Drug‐Induced Liver Injury Network

fat mass and obesity associated

nonalcoholic fatty liver disease

single nucleotide polymorphism

With the application of genetic testing to contemporary medical diagnostics and practice, it has become apparent that the phenotypes of many disorders are modulated by host genetic factors. For example, the susceptibility to and progression of nonalcoholic fatty liver disease (NAFLD) have been associated with the p. I148M variant in the patatin‐like phospholipase domain‐containing protein 3 (PNPLA3) gene and the p. E167K variant of transmembrane 6 super family 2 (TM6SF2).1, 2 In contrast, susceptibility to idiosyncratic drug‐induced liver injury (DILI), a rare form of liver disease, has been associated primarily with genes that influence innate or adaptive immune responses.3, 4

The aim of the current study was to determine whether selected single nucleotide polymorphisms (SNPs) unrelated to the human leukocyte antigen region or other immune pathways, including those associated with NAFLD, may influence development, severity, or outcomes of DILI.

Materials and Methods

Thirteen variants previously associated with NAFLD and/or selected other liver diseases were tested in 832 Caucasian DILI cases and 10,397 Caucasian population controls (Table 1).5 DILI cases were attributed to multiple agents (177 individual drugs), with 56 cases due to herbal/dietary supplement products. All cases had DILI Network (DILIN) causality scores equal to or higher than probable (judged 51%‐100% likely due to a drug). None of the subjects from DILIN had been enrolled as acute cases (within 14 days of onset). Eight variants were imputed from the most recent genome‐wide association study,5 and four additional variants were directly genotyped only in DILI cases, except for the hydroxysteroid dehydrogenase 17B13 (HSD17B13) splice variant, which was typed only in a subset of the DILI cases (n = 384).

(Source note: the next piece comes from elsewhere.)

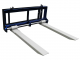 Palletvork 0.6T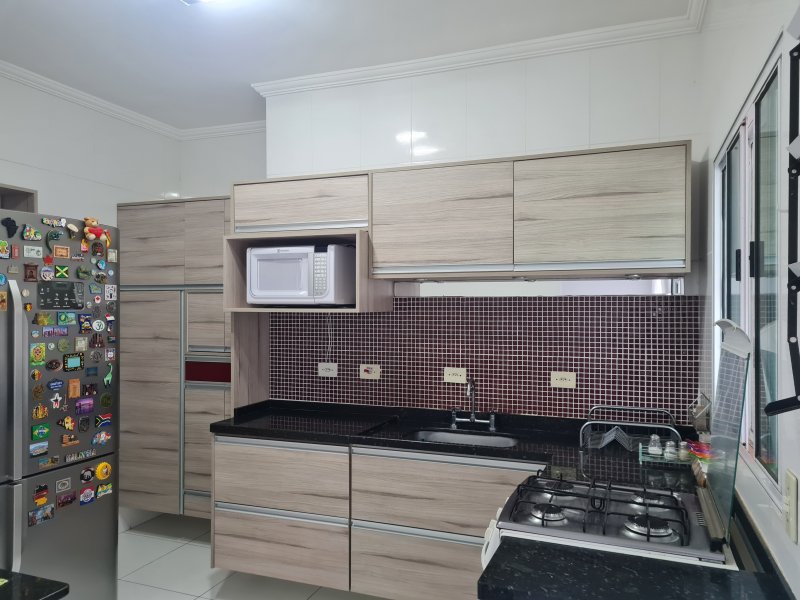 Casa de condomínio à venda Rio Abaixo com 200m² e 3 quartos por R$ 980.000 - 1175956138-20220312-081929.jpg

For the latter variants, the allele frequencies for European (non‐Finnish) control samples in the Gnomad database were used (https://gnomad.broadinstitute.org/).

Table 1

SNPs Investigated in Dilin Caucasian DILI Cases and Population Controls

Gene Name	Genetic Variant	Coding DNA Change	Amino Acid Change	Putative Effect of Variant in NAFLD	DILI Case MAF	Control MAF	P
PNPLA3	rs738409	444C>G	I148M	Increased hepatocyte triglyceride content	21.1%	23.4%	0.5
	rs6006460*	1531G>T	S453I	Lower than average hepatic triglyceride accumulation	0.06%	0.02%	0.2
TM6SF2	rs58542926	499A>G	E167K	Elevated AST/ALT, increased hepatic triglyceride levels, decreased serum cholesterol	6.9%	7.5%	0.37
	rs10401969	613+80A>G	Intron	Lower hepatic TM6SF2 mRNA levels correlate with larger hepatocellular lipid droplets	6.9%	7.7%	0.2
LIPA	rs116928232*	894G>A	E8SJM	Cholesterol ester storage disease often resulting in fibrosis→cirrhosis	0.1%	0.1%	1
IFNL4	rs12979860*	151‐152G>A	Intron	Increased degree of hepatic inflammation and fibrosis	32.3%	32.0%	0.9
HFE	rs1800562	845G>A	C282Y	Increased hepatic iron uptake, associated with greater NAFLD risk/severity	6.0%	5.5%	0.74
	rs1799945	187C>G	H63D	Increased hepatic iron uptake, associated with greater NAFLD risk/severity	15.3%	15.9%	0.8
HMOX1	rs2071746*	–413A>T	Affects promoter	Higher HMOX1 activity correlated with less frequent and less severe NAFLD	42.7%	43.5%	0.9
FTO	rs1421085	46‐43098T>C	Affects repressor	Adipocytic phenotype shift from beige (energy dissipating) to white (energy storing)	38.2%	41.7%	0.005
GNPAT	rs11558492	1556A>G	D519G	Worsened iron overload in patients with HFE genetic variations	21.1%	23.3%	0.7
SERPINA1	rs28929474	1096G>A	E342K	Associated with deficiency of alpha‐1 antitrypsin and with increased risk of liver diseases	2%	2%	0.73
HSD17B13	rs72613567†	4:88231392;T>TA	Splice variant	Associated with a reduced risk of chronic liver disease and of progression from steatosis to steatohepatitis	28%	27%	0.52

Variants directly genotyped only in DILI cases;

Variant genotyped only in a subset of the DILI cases (n = 384).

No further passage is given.